- **What the exercise asks**:
Transcribe, exactly and without pictures, the lines below from the line with "Close up shot" to the line with "Beautician injections for", both ends included, and no others.

- **Extracted entries**:

BEGIN

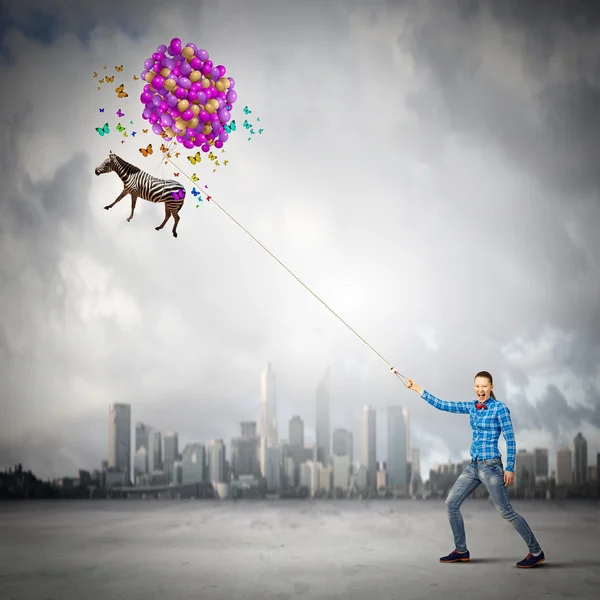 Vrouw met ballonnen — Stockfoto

END
BEGIN

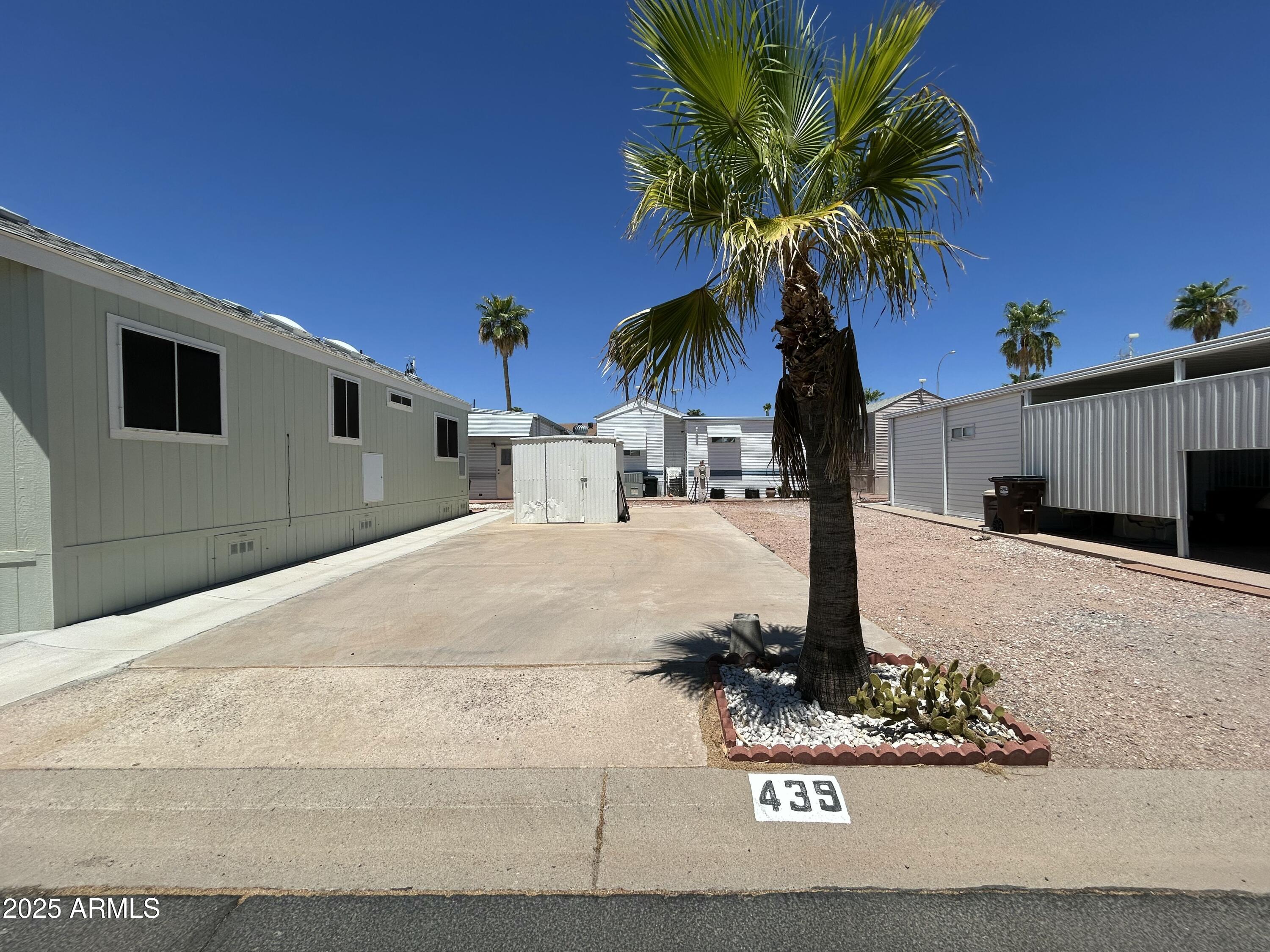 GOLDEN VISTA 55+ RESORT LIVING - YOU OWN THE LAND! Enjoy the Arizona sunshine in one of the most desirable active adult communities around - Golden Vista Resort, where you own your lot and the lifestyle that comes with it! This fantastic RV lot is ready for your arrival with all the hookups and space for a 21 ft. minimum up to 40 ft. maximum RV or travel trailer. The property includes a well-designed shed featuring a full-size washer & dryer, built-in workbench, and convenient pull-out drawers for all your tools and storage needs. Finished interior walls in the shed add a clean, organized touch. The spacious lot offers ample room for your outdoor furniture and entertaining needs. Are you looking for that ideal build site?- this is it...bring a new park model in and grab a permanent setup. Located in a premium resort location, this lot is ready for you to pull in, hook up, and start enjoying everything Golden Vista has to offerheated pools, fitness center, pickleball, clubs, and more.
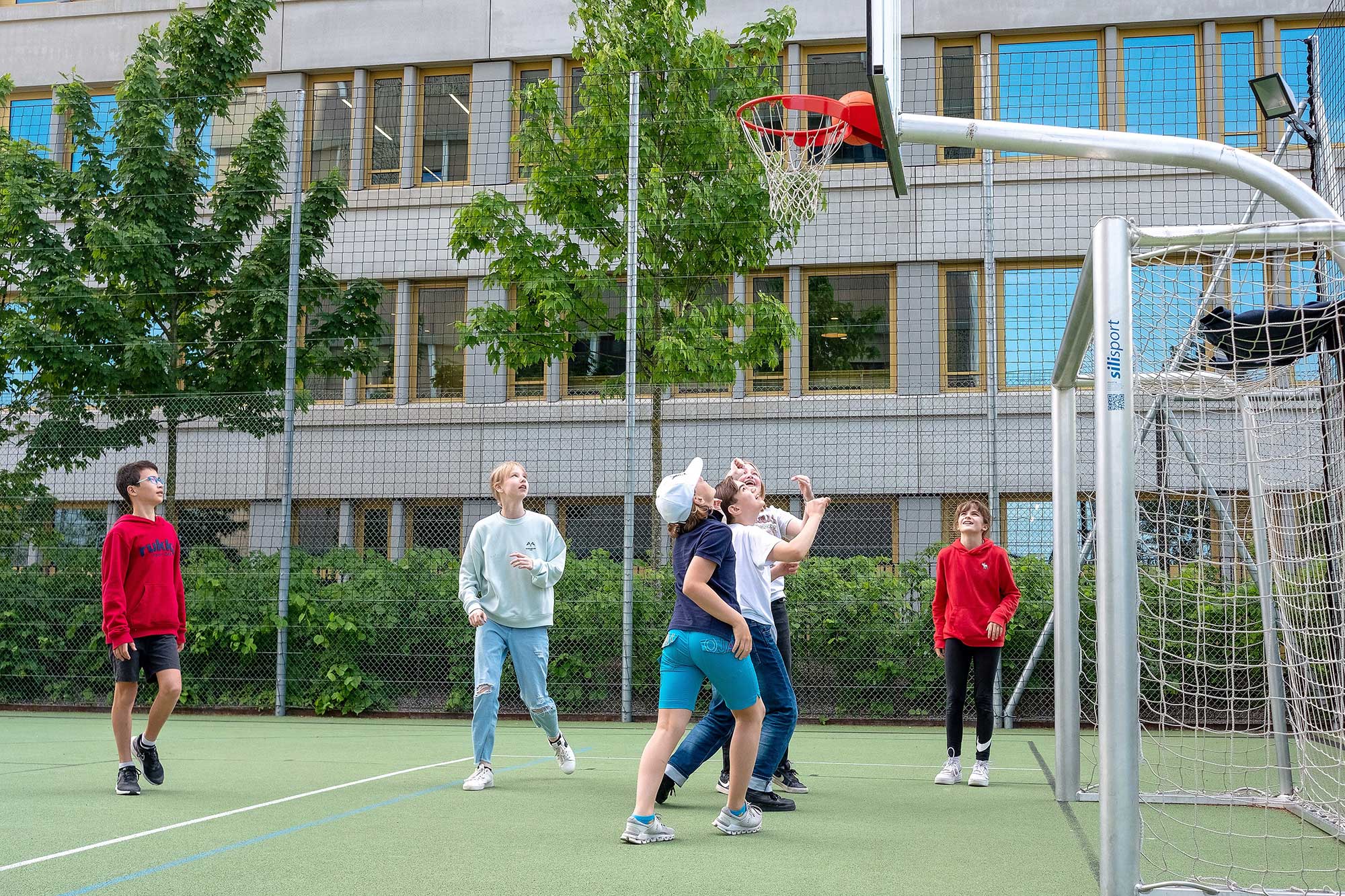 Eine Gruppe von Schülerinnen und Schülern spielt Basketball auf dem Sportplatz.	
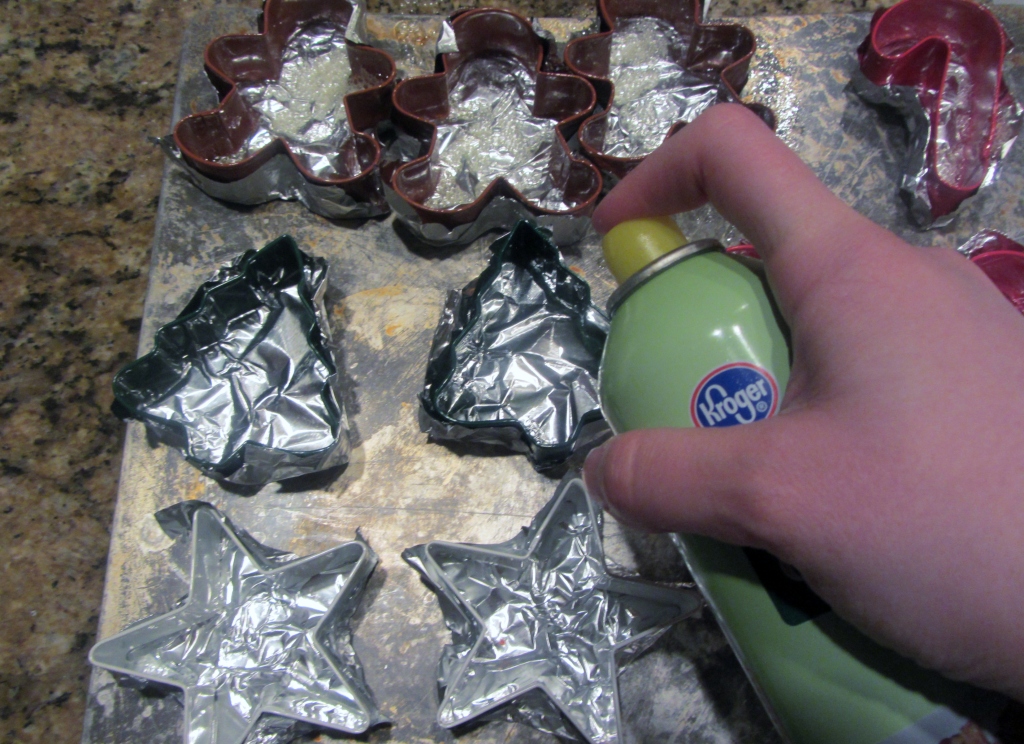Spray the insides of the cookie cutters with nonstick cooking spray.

END
BEGIN

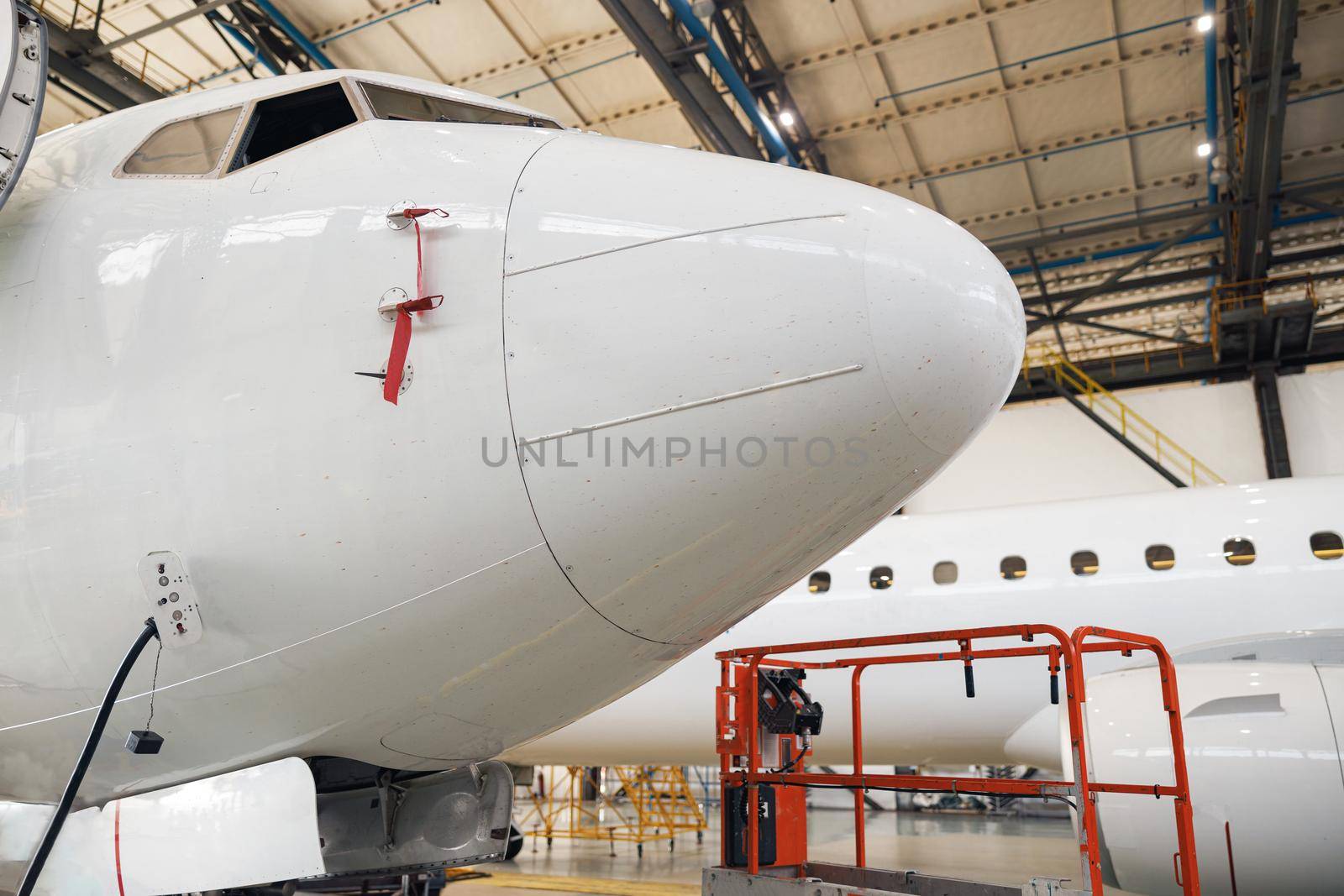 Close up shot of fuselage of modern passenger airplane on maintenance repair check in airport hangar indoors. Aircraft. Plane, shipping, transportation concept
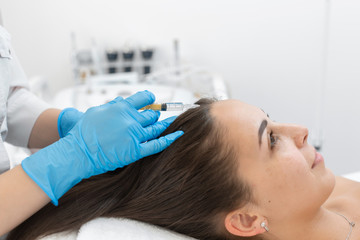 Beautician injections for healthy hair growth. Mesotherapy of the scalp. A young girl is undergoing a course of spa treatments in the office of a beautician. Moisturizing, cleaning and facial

END

- **Your response**:
 Close up shot of fuselage of modern passenger airplane on maintenance repair check in airport hangar indoors. Aircraft. Plane, shipping, transportation concept
 Beautician injections for healthy hair growth. Mesotherapy of the scalp. A young girl is undergoing a course of spa treatments in the office of a beautician. Moisturizing, cleaning and facial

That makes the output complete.